EXERCISE
The answer must be an exact copy of every record below.

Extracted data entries
= = =

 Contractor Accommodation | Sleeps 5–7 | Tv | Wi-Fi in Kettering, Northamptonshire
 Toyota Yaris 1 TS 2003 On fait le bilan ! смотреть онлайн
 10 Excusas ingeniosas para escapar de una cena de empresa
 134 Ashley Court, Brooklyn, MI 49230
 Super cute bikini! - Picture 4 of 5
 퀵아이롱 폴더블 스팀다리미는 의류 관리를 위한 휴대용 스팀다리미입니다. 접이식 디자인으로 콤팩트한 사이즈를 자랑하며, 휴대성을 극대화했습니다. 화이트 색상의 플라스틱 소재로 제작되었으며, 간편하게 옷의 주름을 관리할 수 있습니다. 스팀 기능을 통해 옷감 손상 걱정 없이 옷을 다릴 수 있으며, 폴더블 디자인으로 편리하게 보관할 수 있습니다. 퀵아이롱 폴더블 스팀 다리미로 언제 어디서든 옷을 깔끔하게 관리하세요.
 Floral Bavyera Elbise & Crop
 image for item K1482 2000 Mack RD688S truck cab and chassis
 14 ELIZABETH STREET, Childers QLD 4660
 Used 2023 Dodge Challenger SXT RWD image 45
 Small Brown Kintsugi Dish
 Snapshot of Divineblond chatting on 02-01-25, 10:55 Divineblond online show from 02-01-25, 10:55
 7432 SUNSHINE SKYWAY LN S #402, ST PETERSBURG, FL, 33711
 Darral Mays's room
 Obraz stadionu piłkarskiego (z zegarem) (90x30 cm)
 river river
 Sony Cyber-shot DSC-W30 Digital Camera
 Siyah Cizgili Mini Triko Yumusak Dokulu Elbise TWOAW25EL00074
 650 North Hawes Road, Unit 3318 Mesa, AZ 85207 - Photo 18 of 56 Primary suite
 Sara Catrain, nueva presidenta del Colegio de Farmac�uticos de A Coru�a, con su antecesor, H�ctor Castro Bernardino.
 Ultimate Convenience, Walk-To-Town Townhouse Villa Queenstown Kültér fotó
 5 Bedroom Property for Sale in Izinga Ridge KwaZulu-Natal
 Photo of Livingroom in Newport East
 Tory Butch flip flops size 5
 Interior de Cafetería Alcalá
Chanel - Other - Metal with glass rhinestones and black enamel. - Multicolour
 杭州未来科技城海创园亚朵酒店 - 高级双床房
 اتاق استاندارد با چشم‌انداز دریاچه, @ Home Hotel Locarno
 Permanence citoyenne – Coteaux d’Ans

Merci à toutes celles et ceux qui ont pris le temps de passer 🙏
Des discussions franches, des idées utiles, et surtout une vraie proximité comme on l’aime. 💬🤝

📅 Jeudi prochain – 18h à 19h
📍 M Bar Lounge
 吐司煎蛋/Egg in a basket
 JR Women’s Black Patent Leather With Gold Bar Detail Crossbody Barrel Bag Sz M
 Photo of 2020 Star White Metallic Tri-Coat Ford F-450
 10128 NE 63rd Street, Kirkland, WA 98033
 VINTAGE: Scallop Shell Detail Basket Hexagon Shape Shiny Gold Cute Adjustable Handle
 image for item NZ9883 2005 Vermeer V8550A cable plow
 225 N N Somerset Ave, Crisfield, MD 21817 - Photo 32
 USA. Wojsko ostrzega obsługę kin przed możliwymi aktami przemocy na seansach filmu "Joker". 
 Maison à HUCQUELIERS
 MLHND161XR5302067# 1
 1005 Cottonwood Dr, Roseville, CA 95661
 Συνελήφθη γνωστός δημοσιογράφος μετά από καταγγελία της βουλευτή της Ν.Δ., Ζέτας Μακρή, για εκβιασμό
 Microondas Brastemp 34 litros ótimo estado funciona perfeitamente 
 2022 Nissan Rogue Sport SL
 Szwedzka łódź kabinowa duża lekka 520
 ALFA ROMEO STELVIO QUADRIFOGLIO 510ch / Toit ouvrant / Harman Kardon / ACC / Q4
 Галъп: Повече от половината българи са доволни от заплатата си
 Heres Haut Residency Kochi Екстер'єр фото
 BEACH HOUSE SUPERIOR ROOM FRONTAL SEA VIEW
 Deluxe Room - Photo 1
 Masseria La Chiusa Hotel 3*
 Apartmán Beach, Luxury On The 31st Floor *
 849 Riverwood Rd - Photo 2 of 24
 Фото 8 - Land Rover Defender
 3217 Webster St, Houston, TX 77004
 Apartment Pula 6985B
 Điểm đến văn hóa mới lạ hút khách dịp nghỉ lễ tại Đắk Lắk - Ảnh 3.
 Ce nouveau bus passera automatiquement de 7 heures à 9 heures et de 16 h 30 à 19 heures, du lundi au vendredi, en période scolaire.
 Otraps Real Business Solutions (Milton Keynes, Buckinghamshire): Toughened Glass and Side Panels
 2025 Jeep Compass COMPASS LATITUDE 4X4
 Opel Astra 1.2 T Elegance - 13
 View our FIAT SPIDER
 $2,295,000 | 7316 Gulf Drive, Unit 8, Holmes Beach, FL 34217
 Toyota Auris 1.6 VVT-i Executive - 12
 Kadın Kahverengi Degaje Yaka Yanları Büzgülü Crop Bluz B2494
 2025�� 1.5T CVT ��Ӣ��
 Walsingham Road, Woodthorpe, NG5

= = =

RESULT OF THIS EXERCISE
 Contractor Accommodation | Sleeps 5–7 | Tv | Wi-Fi in Kettering, Northamptonshire
 Toyota Yaris 1 TS 2003 On fait le bilan ! смотреть онлайн
 10 Excusas ingeniosas para escapar de una cena de empresa
 134 Ashley Court, Brooklyn, MI 49230
 Super cute bikini! - Picture 4 of 5
 퀵아이롱 폴더블 스팀다리미는 의류 관리를 위한 휴대용 스팀다리미입니다. 접이식 디자인으로 콤팩트한 사이즈를 자랑하며, 휴대성을 극대화했습니다. 화이트 색상의 플라스틱 소재로 제작되었으며, 간편하게 옷의 주름을 관리할 수 있습니다. 스팀 기능을 통해 옷감 손상 걱정 없이 옷을 다릴 수 있으며, 폴더블 디자인으로 편리하게 보관할 수 있습니다. 퀵아이롱 폴더블 스팀 다리미로 언제 어디서든 옷을 깔끔하게 관리하세요.
 Floral Bavyera Elbise & Crop
 image for item K1482 2000 Mack RD688S truck cab and chassis
 14 ELIZABETH STREET, Childers QLD 4660
 Used 2023 Dodge Challenger SXT RWD image 45
 Small Brown Kintsugi Dish
 Snapshot of Divineblond chatting on 02-01-25, 10:55 Divineblond online show from 02-01-25, 10:55
 7432 SUNSHINE SKYWAY LN S #402, ST PETERSBURG, FL, 33711
 Darral Mays's room
 Obraz stadionu piłkarskiego (z zegarem) (90x30 cm)
 river river
 Sony Cyber-shot DSC-W30 Digital Camera
 Siyah Cizgili Mini Triko Yumusak Dokulu Elbise TWOAW25EL00074
 650 North Hawes Road, Unit 3318 Mesa, AZ 85207 - Photo 18 of 56 Primary suite
 Sara Catrain, nueva presidenta del Colegio de Farmac�uticos de A Coru�a, con su antecesor, H�ctor Castro Bernardino.
 Ultimate Convenience, Walk-To-Town Townhouse Villa Queenstown Kültér fotó
 5 Bedroom Property for Sale in Izinga Ridge KwaZulu-Natal
 Photo of Livingroom in Newport East
 Tory Butch flip flops size 5
 Interior de Cafetería Alcalá
Chanel - Other - Metal with glass rhinestones and black enamel. - Multicolour
 杭州未来科技城海创园亚朵酒店 - 高级双床房
 اتاق استاندارد با چشم‌انداز دریاچه, @ Home Hotel Locarno
 Permanence citoyenne – Coteaux d’Ans

Merci à toutes celles et ceux qui ont pris le temps de passer 🙏
Des discussions franches, des idées utiles, et surtout une vraie proximité comme on l’aime. 💬🤝

📅 Jeudi prochain – 18h à 19h
📍 M Bar Lounge
 吐司煎蛋/Egg in a basket
 JR Women’s Black Patent Leather With Gold Bar Detail Crossbody Barrel Bag Sz M
 Photo of 2020 Star White Metallic Tri-Coat Ford F-450
 10128 NE 63rd Street, Kirkland, WA 98033
 VINTAGE: Scallop Shell Detail Basket Hexagon Shape Shiny Gold Cute Adjustable Handle
 image for item NZ9883 2005 Vermeer V8550A cable plow
 225 N N Somerset Ave, Crisfield, MD 21817 - Photo 32
 USA. Wojsko ostrzega obsługę kin przed możliwymi aktami przemocy na seansach filmu "Joker". 
 Maison à HUCQUELIERS
 MLHND161XR5302067# 1
 1005 Cottonwood Dr, Roseville, CA 95661
 Συνελήφθη γνωστός δημοσιογράφος μετά από καταγγελία της βουλευτή της Ν.Δ., Ζέτας Μακρή, για εκβιασμό
 Microondas Brastemp 34 litros ótimo estado funciona perfeitamente 
 2022 Nissan Rogue Sport SL
 Szwedzka łódź kabinowa duża lekka 520
 ALFA ROMEO STELVIO QUADRIFOGLIO 510ch / Toit ouvrant / Harman Kardon / ACC / Q4
 Галъп: Повече от половината българи са доволни от заплатата си
 Heres Haut Residency Kochi Екстер'єр фото
 BEACH HOUSE SUPERIOR ROOM FRONTAL SEA VIEW
 Deluxe Room - Photo 1
 Masseria La Chiusa Hotel 3*
 Apartmán Beach, Luxury On The 31st Floor *
 849 Riverwood Rd - Photo 2 of 24
 Фото 8 - Land Rover Defender
 3217 Webster St, Houston, TX 77004
 Apartment Pula 6985B
 Điểm đến văn hóa mới lạ hút khách dịp nghỉ lễ tại Đắk Lắk - Ảnh 3.
 Ce nouveau bus passera automatiquement de 7 heures à 9 heures et de 16 h 30 à 19 heures, du lundi au vendredi, en période scolaire.
 Otraps Real Business Solutions (Milton Keynes, Buckinghamshire): Toughened Glass and Side Panels
 2025 Jeep Compass COMPASS LATITUDE 4X4
 Opel Astra 1.2 T Elegance - 13
 View our FIAT SPIDER
 $2,295,000 | 7316 Gulf Drive, Unit 8, Holmes Beach, FL 34217
 Toyota Auris 1.6 VVT-i Executive - 12
 Kadın Kahverengi Degaje Yaka Yanları Büzgülü Crop Bluz B2494
 2025�� 1.5T CVT ��Ӣ��
 Walsingham Road, Woodthorpe, NG5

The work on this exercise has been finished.